EIN AUFWÜHLENDES KONZERT

Böblingen

Dieses Konzert verdiente nur ein Prädikat: Weltklasse. Wie die vier exzellenten Musiker am Freitag Abend im Württemberg-Saal der Kongresshalle Schumann, Mendelssohn und Brahms umsetzten, war schlichtweg atemberaubend. Mit beträchtlicher Verve stürzten sie sich in die Werke.

Konkurrenz hat das Menuhin Festival Piano Quartet nicht zu fürchten. Das Musikleben der Kreisstadt ist also nicht provinziell, eher, wie ein Kulturschaffender einmal stöhnte, das Publikum. Denn es gab nur eine Enttäuschung: im Württemberg-Saal blieben viele Plätze frei. Dabei hätte man renommiertere Musiker für diesen Abend gar nicht verpflichten können. Die Gründe für die mäßige Resonanz? Zeitgleich fand das Sinfoniekonzert des Albert-Einstein-Gymnasiums statt. Zudem war für den Abend ein Schneechaos vorhergesagt.

Der Böblinger Klassikherbst möchte ein Internationales Kammermusikfestival sein: Am dritten Abend löste das Menuhin Festival Piano Quartet diesen Anspruch ein: Die Geigerin Nora Chastain stammt aus den USA, Silvia Simionescu, Bratsche, aus Rumänien, Troels Svane ist Däne, der Pianist Friedemann Rieger Deutscher.

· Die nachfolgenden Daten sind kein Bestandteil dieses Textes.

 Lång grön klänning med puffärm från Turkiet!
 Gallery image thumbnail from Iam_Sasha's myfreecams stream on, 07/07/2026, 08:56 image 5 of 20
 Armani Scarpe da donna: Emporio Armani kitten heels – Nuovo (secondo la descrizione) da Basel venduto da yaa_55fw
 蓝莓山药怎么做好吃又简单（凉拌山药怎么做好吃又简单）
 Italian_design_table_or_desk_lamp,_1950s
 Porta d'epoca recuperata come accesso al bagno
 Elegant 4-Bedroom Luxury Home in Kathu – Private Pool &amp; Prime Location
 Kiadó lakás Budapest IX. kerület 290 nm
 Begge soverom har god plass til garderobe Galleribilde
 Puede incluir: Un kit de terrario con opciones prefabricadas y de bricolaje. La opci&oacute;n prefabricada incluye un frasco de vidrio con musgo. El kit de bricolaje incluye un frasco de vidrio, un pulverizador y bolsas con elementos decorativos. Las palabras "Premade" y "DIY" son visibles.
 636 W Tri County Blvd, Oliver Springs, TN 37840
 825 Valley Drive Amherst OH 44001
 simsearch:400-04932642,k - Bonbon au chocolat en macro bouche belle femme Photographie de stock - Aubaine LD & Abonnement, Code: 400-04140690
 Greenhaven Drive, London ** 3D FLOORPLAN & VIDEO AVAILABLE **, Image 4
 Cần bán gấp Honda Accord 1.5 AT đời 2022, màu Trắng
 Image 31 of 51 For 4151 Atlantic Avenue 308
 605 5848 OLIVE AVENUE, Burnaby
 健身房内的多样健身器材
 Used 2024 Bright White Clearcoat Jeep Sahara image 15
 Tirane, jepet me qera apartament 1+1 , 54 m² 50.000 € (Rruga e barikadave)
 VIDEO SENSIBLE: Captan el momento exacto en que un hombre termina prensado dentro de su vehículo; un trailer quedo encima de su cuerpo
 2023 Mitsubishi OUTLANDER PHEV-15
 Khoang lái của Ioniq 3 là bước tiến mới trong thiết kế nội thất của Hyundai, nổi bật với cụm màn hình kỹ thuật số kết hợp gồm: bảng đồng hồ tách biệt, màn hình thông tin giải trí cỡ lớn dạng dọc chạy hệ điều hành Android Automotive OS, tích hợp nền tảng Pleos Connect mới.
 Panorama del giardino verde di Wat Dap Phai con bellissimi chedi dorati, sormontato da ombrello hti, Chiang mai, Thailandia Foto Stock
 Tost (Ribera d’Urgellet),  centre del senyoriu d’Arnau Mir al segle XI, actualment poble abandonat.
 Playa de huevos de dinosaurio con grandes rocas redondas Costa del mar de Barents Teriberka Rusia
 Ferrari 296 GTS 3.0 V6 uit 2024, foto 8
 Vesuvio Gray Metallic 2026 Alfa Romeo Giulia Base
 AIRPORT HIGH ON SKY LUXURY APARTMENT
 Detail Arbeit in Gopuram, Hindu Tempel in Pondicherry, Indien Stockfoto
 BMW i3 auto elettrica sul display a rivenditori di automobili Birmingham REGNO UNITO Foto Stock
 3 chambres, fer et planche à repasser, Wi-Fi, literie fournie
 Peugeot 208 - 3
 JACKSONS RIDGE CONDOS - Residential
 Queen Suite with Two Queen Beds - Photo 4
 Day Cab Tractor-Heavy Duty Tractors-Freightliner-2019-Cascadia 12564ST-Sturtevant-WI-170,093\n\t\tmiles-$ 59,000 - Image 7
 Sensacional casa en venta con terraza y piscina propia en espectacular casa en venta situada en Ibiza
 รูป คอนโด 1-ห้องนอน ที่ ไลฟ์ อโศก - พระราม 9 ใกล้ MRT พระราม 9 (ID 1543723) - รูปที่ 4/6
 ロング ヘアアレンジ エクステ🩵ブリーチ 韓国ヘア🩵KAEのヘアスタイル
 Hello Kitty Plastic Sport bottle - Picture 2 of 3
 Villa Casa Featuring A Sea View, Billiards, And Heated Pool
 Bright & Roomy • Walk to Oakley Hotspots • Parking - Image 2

In Böblingen konzentrierte sich das Quartett auf deutsche Romantik.

War Schumann eigentlich Film-Komponist? Im dritten Satz seines Klavierquartetts op. 47 findet sich eine Melodie, die das Zeug zum Schlager hat und in Hollywood Karriere machen könnte, fast berührt sie den Kitsch! Man hat gleich Bilder vor Augen. Mit diesem Werk eröffnete das Quartett sein Gastspiel in Böblingen. Das Markenzeichen des Ensembles: ein satter, edler Klang. Rasanz und Präzision verbinden sich, reibungslos und inspiriert ist das Zusammenspiel. Die Musiker sitzen ganz vorn auf der Stuhlkante, als Hörer kann man sich zurücklehnen. Immer wieder fragt man sich: Sind das wirklich nur vier Musiker?

Durch alle Interpretationen geht ein großer Zug, sehr vorwärtsdrängend das Klavier, im Anschlag manchmal etwas direkt und hart. Ein tollkühnes Finale beendet das Schumann-Werk, das eine Nähe zu Mendelssohn aufweist. Dessen Klavierquartett op. 2 ist reduzierter, den typischen Mendelssohn-Ton findet man hier eher selten. Ein funkensprühendes Finale steht am Ende.

Schumann ist ein überschwänglicher Komponist, sein Freund Johannes Brahms eher ein Lakoniker. Brahms´ c-moll-Klavierquartett stand am Ende des Konzerts. Dieses Werk, zwischen 1855-1875 entstanden, komponierte Brahms, bevor er sich dem Streichquartett zuwandte, für viele Experten autobiographische Musik. Clara Schumann war davon zutiefst berührt: „Sie mag gespürt haben, dass es sich bei diesem Werk um ein Seelengemälde handelt, das intimste biographische Züge trägt und das Ringen eines Einsamen in auswegloser Situation schildert.“ (So Heinz Becker). Das ist sicher etwas pointiert formuliert, aber das Menuhin Quartet unterstrich diese Deutung durch leidenschaftliches Spiel. Es kam zu intensiven Dialogen zwischen Viola und Klavier, und im dritten Satz betörte das warme Cello. Zwei große Zugaben. Es war ein aufwühlendes, packendes Konzert.